__Supplied material__:
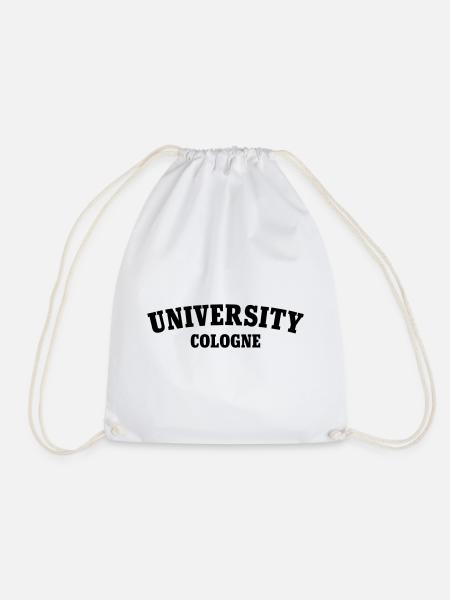 University Cologne - Turnbeutel - Weiß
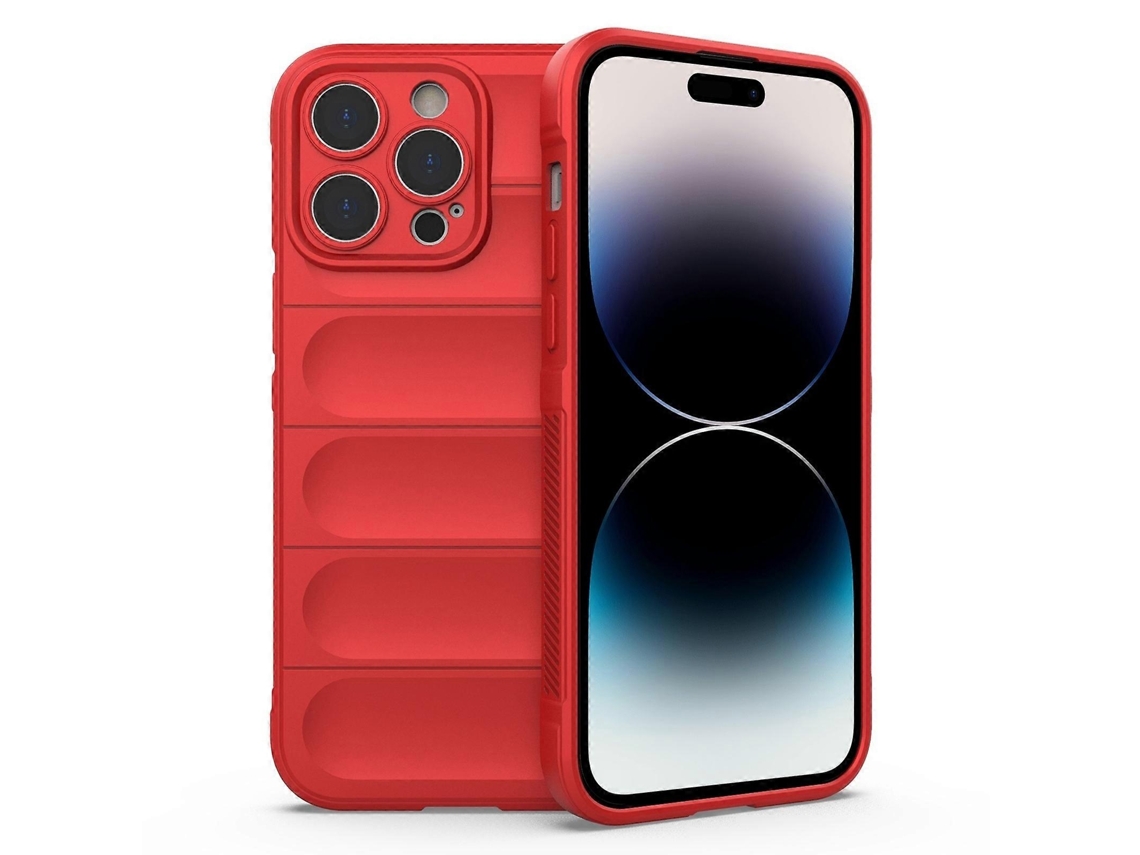Lurelia Capa Iphone 14 Pro Tpu Flanela Interna
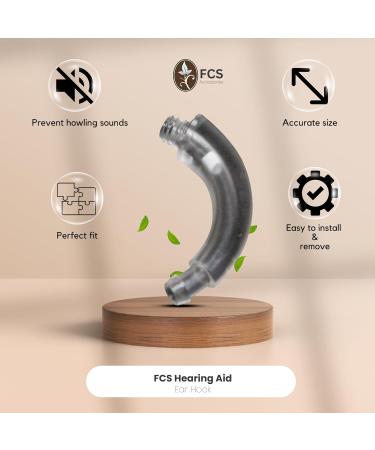 FCS Hearing Devices Ear Hook for Phonak Sky V 50 M BTE | Durable Anti-Howling Replacement Accessories | Easy Install - Buy Online on GoSupps.com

__Exercise objective__: Restate all of the material above word for word. Pictures do not belong in it.

__Exercise answer__:
 University Cologne - Turnbeutel - Weiß
Lurelia Capa Iphone 14 Pro Tpu Flanela Interna
 FCS Hearing Devices Ear Hook for Phonak Sky V 50 M BTE | Durable Anti-Howling Replacement Accessories | Easy Install - Buy Online on GoSupps.com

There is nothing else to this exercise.